Free press expression is rigidly controlled by a government “press code” which amounts to censorship. Still, chi’s skillful, intricate drawings often say things writing journalists are prevented from saying.
Nothing about Chi indicates he should be his country’s most potent editorial voice.
The product of a Mekong Delta peasant family, he had only four years of school, quitting at 9 to help his family live by selling cookies and ice cream.
He knew nothing about domestic or international affairs until he was drafted and moved to Saigon nine years ago.
A SELF-TAUGHT artist, Chi, 29, is now an avid reader of almost everything printed in Vietnamese – the only language he knows.
His drawings run the range from simple line illustrations to complex scatological renderings of world figures, particularly President Nixon, Henry A. Kisinger and North Vietnam’s Le Duc Tho.
Occasionally his work has been barred as being too obscene.
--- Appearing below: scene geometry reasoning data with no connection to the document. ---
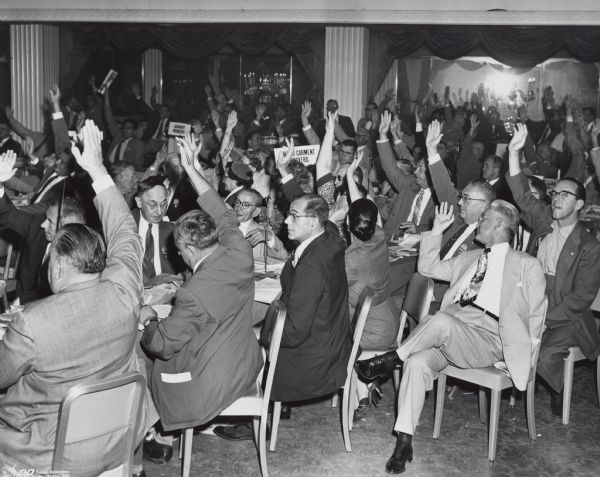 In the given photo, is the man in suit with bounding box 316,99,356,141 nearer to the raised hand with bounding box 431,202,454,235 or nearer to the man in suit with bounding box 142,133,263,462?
the raised hand with bounding box 431,202,454,235

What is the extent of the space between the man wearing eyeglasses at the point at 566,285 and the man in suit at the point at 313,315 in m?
1.51

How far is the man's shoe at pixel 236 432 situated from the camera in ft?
14.6

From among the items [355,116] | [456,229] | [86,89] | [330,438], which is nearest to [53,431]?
[330,438]

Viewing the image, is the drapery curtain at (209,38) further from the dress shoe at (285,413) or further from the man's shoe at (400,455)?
the man's shoe at (400,455)

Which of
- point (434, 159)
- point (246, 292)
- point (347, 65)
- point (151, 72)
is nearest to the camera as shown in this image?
point (246, 292)

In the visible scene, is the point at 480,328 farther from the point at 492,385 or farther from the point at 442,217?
the point at 442,217

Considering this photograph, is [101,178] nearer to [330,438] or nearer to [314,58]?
[330,438]

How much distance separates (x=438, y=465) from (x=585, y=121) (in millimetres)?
9583

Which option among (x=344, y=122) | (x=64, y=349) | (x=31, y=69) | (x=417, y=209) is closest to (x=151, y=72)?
(x=31, y=69)

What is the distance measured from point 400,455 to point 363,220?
146 cm

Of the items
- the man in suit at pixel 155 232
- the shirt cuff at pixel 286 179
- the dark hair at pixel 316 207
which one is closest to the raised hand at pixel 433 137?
the shirt cuff at pixel 286 179

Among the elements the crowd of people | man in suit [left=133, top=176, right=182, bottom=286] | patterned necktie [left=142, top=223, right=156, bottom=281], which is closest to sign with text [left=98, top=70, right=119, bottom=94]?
the crowd of people

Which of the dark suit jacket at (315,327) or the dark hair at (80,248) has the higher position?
the dark hair at (80,248)

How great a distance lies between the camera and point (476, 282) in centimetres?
452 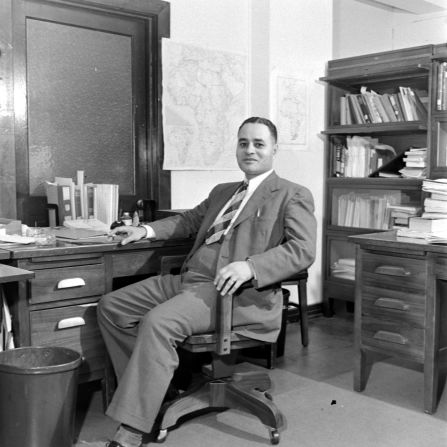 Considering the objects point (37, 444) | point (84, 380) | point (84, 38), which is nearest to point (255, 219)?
point (84, 380)

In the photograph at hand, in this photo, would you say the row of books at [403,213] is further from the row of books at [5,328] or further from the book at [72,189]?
the row of books at [5,328]

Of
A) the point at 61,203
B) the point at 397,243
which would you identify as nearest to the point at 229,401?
the point at 397,243

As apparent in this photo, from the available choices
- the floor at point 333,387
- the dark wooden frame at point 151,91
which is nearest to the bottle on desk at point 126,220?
the dark wooden frame at point 151,91

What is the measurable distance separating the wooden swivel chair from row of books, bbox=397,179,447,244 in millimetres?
1015

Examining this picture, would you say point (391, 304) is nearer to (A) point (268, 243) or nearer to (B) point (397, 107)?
(A) point (268, 243)

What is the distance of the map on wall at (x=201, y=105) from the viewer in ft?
13.3

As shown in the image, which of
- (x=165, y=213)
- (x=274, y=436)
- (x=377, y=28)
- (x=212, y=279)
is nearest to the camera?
(x=274, y=436)

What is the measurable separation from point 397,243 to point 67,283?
1.55 m

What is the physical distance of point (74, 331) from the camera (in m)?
2.97

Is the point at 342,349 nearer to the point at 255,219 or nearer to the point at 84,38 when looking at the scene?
the point at 255,219

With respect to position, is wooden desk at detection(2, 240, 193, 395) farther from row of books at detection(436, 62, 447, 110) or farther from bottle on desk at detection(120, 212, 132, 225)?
row of books at detection(436, 62, 447, 110)

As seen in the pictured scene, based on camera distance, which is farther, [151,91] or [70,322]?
[151,91]

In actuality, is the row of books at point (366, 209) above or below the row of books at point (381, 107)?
below

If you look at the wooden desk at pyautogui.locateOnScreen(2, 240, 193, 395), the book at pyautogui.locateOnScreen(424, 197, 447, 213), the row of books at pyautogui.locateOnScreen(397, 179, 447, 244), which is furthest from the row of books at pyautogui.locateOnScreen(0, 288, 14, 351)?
the book at pyautogui.locateOnScreen(424, 197, 447, 213) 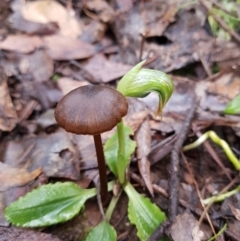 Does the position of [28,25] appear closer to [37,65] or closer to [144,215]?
[37,65]

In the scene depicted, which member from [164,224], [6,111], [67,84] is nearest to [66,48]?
[67,84]

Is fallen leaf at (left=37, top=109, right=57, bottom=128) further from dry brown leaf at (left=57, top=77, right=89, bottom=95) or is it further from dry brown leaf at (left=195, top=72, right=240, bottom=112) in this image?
dry brown leaf at (left=195, top=72, right=240, bottom=112)

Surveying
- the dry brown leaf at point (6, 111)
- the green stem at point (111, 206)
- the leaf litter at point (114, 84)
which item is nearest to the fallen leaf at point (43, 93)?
the leaf litter at point (114, 84)

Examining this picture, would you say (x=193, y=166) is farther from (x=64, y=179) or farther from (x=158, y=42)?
(x=158, y=42)

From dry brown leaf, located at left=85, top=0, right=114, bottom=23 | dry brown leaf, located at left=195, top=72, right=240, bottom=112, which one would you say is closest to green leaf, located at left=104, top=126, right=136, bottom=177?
dry brown leaf, located at left=195, top=72, right=240, bottom=112

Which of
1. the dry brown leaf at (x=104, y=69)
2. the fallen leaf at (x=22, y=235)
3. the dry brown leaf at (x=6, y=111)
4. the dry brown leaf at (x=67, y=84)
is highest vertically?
the dry brown leaf at (x=6, y=111)

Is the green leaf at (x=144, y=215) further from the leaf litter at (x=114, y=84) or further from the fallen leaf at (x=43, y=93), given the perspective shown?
the fallen leaf at (x=43, y=93) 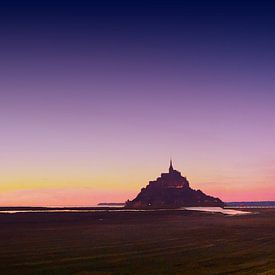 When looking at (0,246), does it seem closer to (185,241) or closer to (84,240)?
(84,240)

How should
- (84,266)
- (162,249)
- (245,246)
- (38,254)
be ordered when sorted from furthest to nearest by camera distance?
1. (245,246)
2. (162,249)
3. (38,254)
4. (84,266)

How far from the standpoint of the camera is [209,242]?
38.9 meters

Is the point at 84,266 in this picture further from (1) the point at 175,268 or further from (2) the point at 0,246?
(2) the point at 0,246

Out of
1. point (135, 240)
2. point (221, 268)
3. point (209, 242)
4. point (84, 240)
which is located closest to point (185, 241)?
point (209, 242)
“World and domestic events affect me strongly,” he said. “Because I lived among the poor, I find corruption very tragic. It is like living in a family with a greedy person: He takes everything from the others.
“Because I have lived in a constant state of war, there is also a strong bitterness inside.”
CHI, MARRED and the father of three, began drawing at 5 (“as soon as I could hold a pen”) and has tried his hand at poetry and short stories.
The three papers – Song Than, Hoa Binh and Dai Dan Toc – give him a free hand each day to say what he wants. Daily he produces a different illustration for each.
“O think I have more freedom than writers,” he said, “because I can hide what I’m saying. I can often be more ambiguous.”